Exercise material Block Start

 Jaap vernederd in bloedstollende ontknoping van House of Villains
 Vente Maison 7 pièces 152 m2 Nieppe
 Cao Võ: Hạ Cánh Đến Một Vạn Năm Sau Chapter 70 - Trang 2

Exercise material Block End
Exercise material Block Start

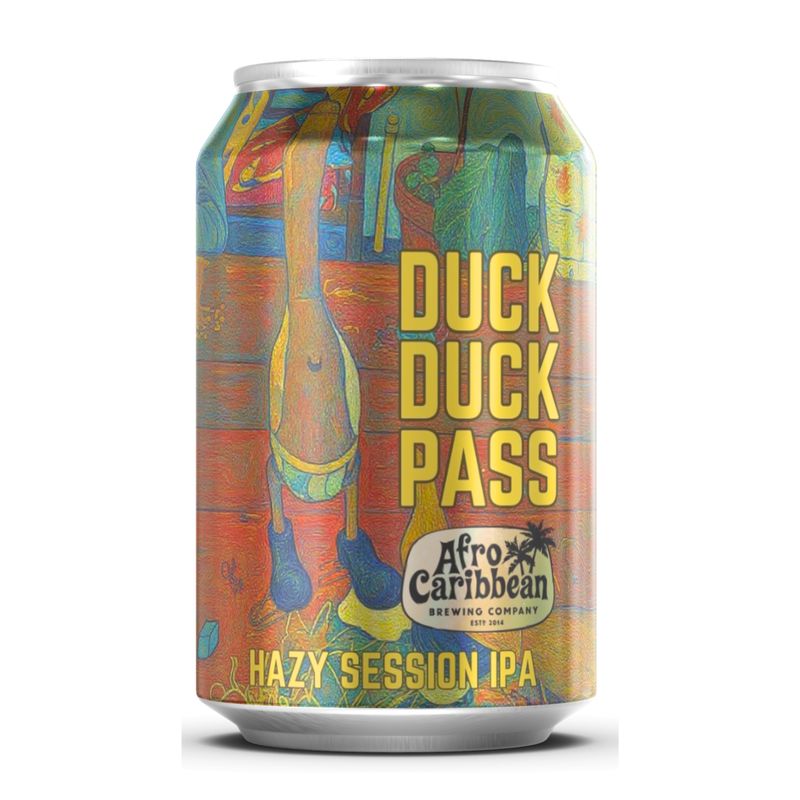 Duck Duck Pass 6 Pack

Exercise material Block End

▸ **Goal of the exercise**: In the entries above, please find the line with "Jaap vernederd in" and the line with "Cao Võ: Hạ Cánh", then write out exactly those two lines and every line between them, and nothing more.

▸ **Result of this exercise**:
 Jaap vernederd in bloedstollende ontknoping van House of Villains
 Vente Maison 7 pièces 152 m2 Nieppe
 Cao Võ: Hạ Cánh Đến Một Vạn Năm Sau Chapter 70 - Trang 2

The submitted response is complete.